Task statement
Retype the lines from the one containing "Grade Design Saint" through the last line of the entries below, exactly and in full, omitting every image.

══ Task data

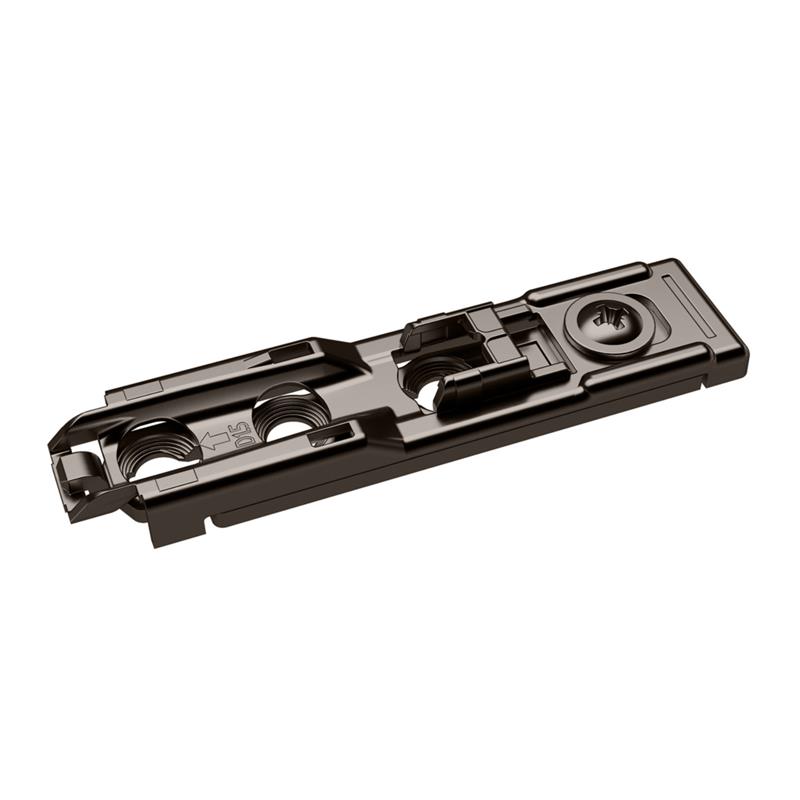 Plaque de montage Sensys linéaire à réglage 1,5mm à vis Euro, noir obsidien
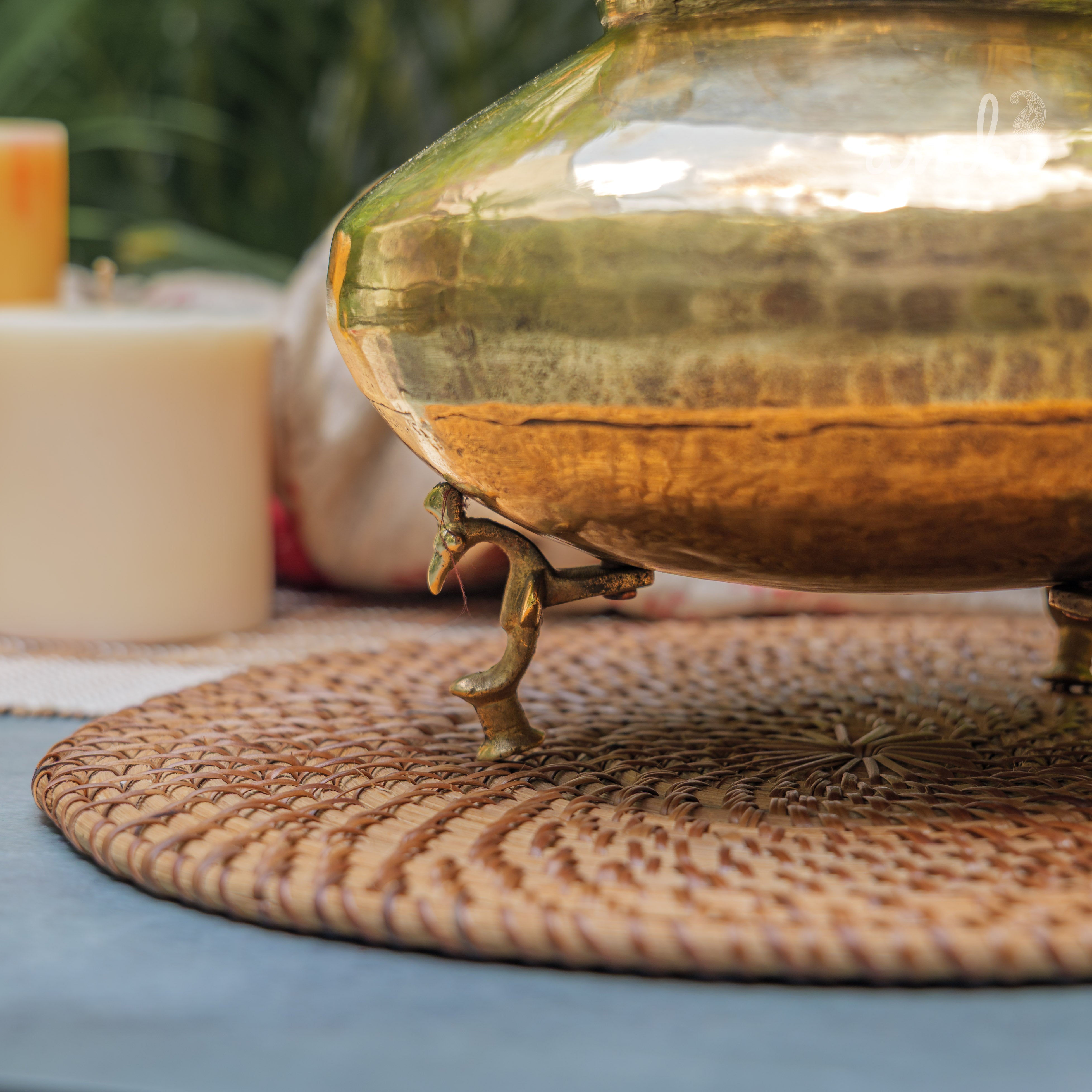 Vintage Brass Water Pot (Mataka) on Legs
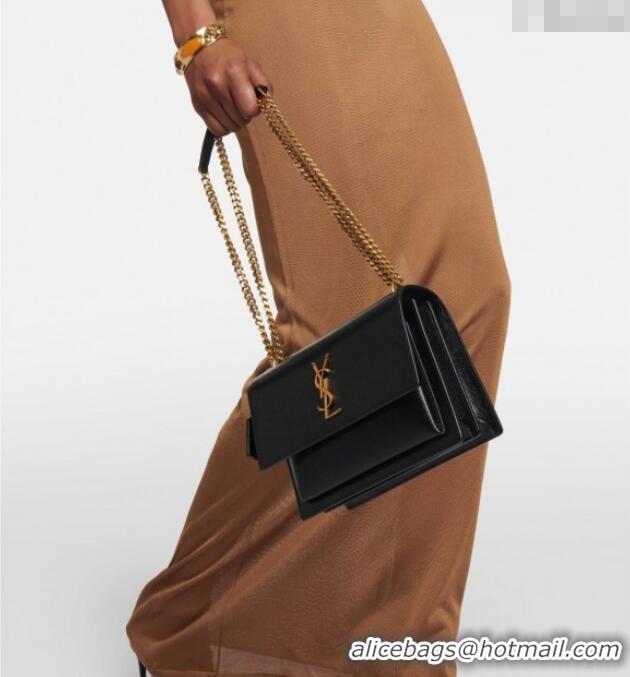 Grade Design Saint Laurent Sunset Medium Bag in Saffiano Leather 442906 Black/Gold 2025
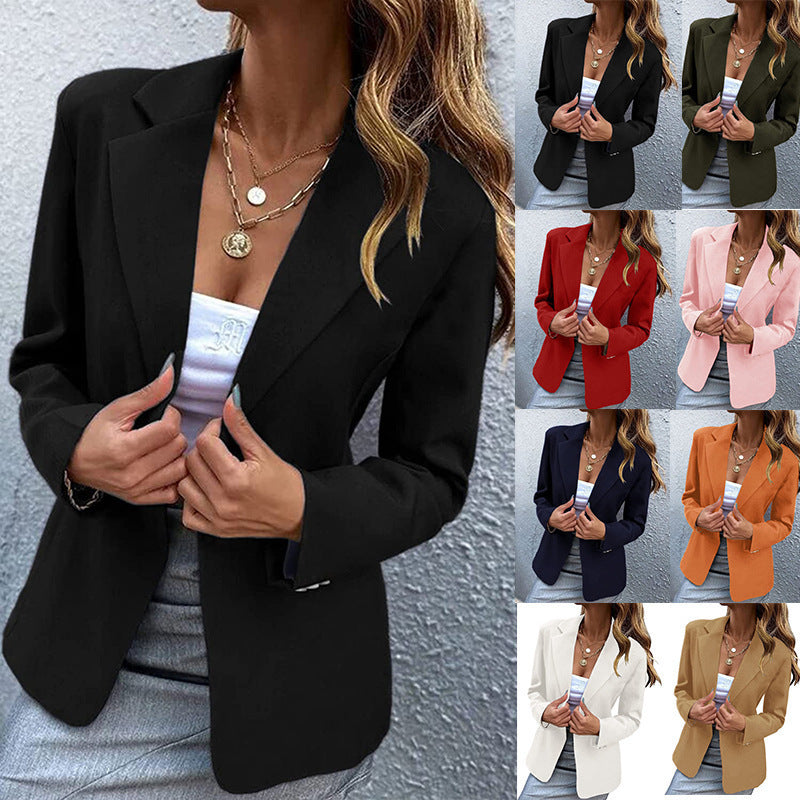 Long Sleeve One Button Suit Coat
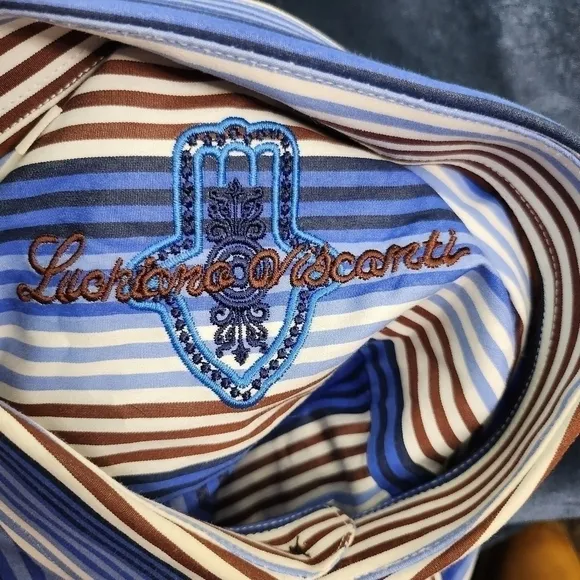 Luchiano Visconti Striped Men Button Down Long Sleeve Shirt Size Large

════

Response below
 Grade Design Saint Laurent Sunset Medium Bag in Saffiano Leather 442906 Black/Gold 2025
 Long Sleeve One Button Suit Coat
 Luchiano Visconti Striped Men Button Down Long Sleeve Shirt Size Large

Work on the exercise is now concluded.